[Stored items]

★ ★ ★ ★

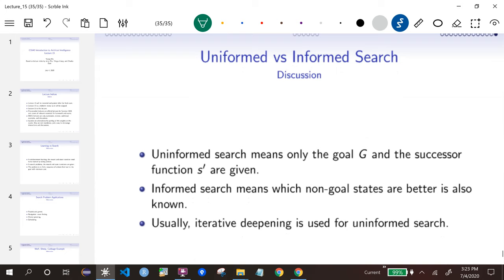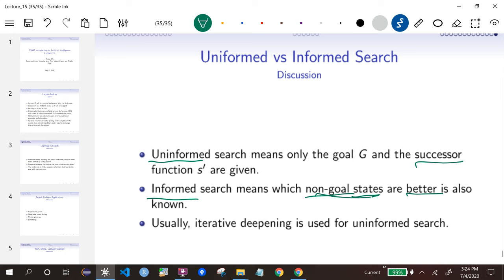The last thing: in the next lecture, we'll talk about informed search. What we've done so far is called uninformed search because we have no additional information except possible successors — we just search through the whole space. Informed search means we know which non-goal states are closer to the goal, so we search those first. This makes search a lot faster, and we'll likely reach the goal very early instead of searching all possible states.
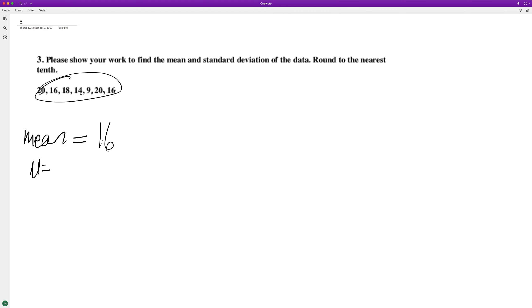All right, so the mean in this case is going to be 16.14. We'll just round to 16.1. So that's that, and then standard deviation...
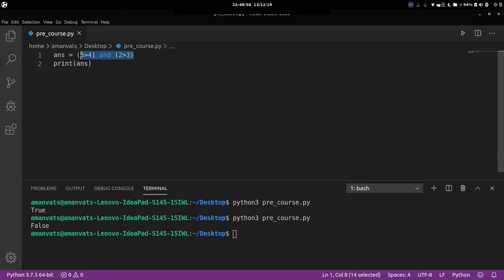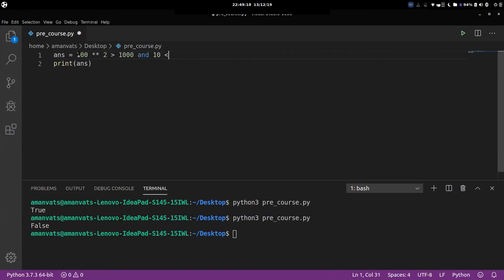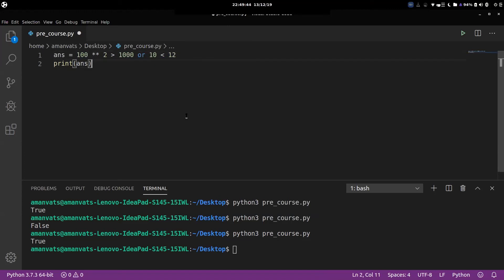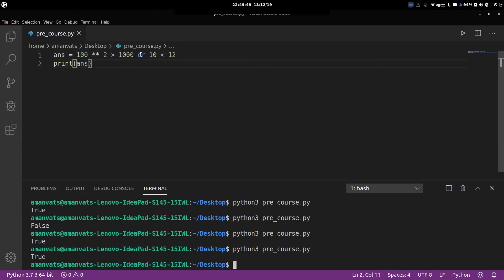Let's try one more: 100 to the power 2 is greater than 1000, AND 10 is less than 12. 100 squared is 10,000, which is greater than 1000 — left part true. And 12 is indeed greater than 10 — right part true. So it prints true. Now let's switch to OR: since both sides are true, OR also returns true. OR gives you true even if only one side is true.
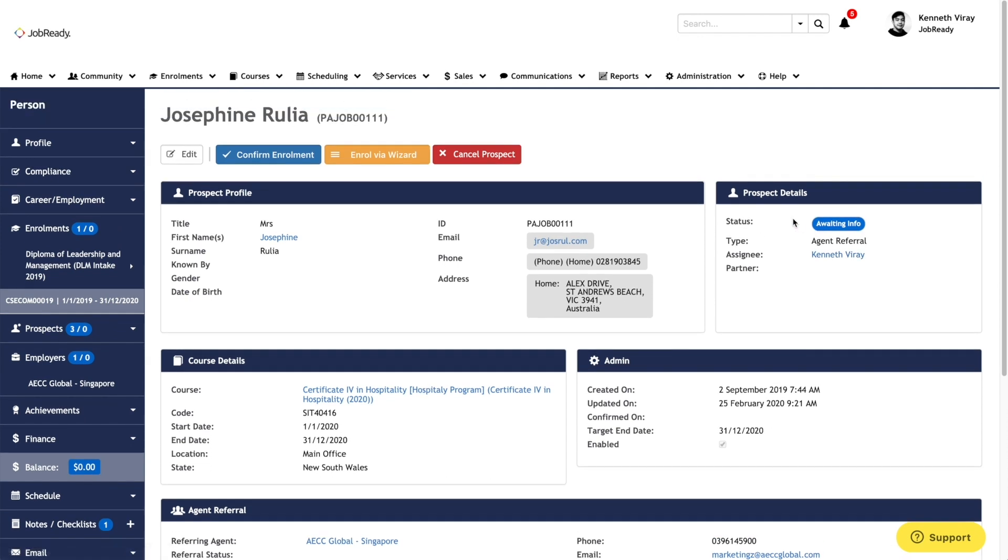From here, they can either confirm the enrollment, enroll the student via the enrollment wizard, or cancel the prospect entirely.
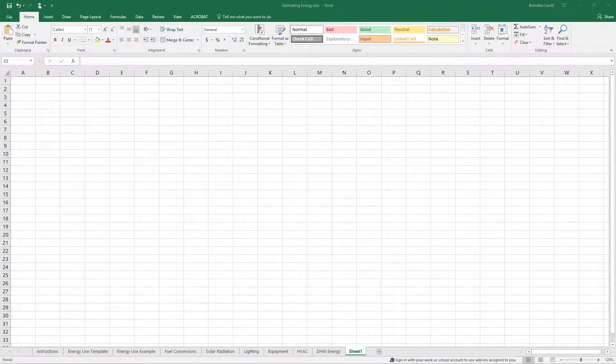This is going to be a quick tutorial on the basics of Microsoft Excel, specifically for use with my class, and I'm going to go over some of the basic information you need.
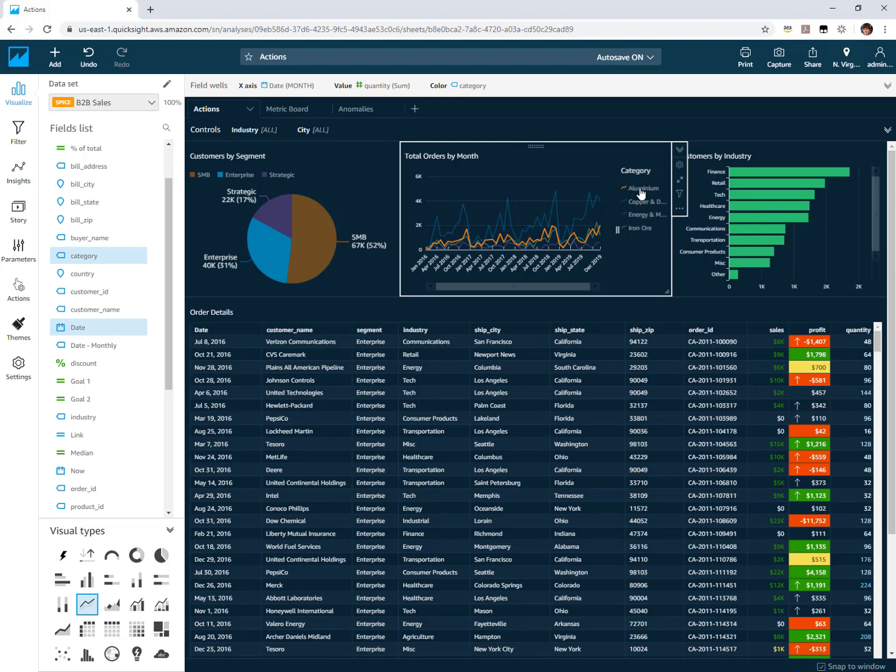So those are the two features part of the filter action improvements here in April: cascading filter actions as well as being able to trigger them from legends. Hope you enjoy the new behaviors. Thanks.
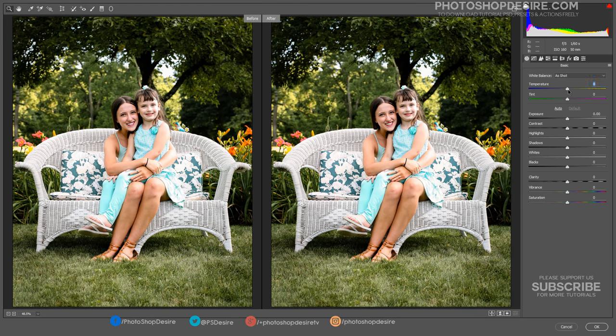Adjust Highlights and Shadows, Contrast and Detail settings in the Basic Panel as follows.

★ ★ ★ ★

**What this task involves**: Every line of the records above must reappear exactly, though the pictures must not.

**Problem solution**:
The last thing: in the next lecture, we'll talk about informed search. What we've done so far is called uninformed search because we have no additional information except possible successors — we just search through the whole space. Informed search means we know which non-goal states are closer to the goal, so we search those first. This makes search a lot faster, and we'll likely reach the goal very early instead of searching all possible states.
All right, so the mean in this case is going to be 16.14. We'll just round to 16.1. So that's that, and then standard deviation...
Let's try one more: 100 to the power 2 is greater than 1000, AND 10 is less than 12. 100 squared is 10,000, which is greater than 1000 — left part true. And 12 is indeed greater than 10 — right part true. So it prints true. Now let's switch to OR: since both sides are true, OR also returns true. OR gives you true even if only one side is true.
From here, they can either confirm the enrollment, enroll the student via the enrollment wizard, or cancel the prospect entirely.
This is going to be a quick tutorial on the basics of Microsoft Excel, specifically for use with my class, and I'm going to go over some of the basic information you need.
So those are the two features part of the filter action improvements here in April: cascading filter actions as well as being able to trigger them from legends. Hope you enjoy the new behaviors. Thanks.
Adjust Highlights and Shadows, Contrast and Detail settings in the Basic Panel as follows.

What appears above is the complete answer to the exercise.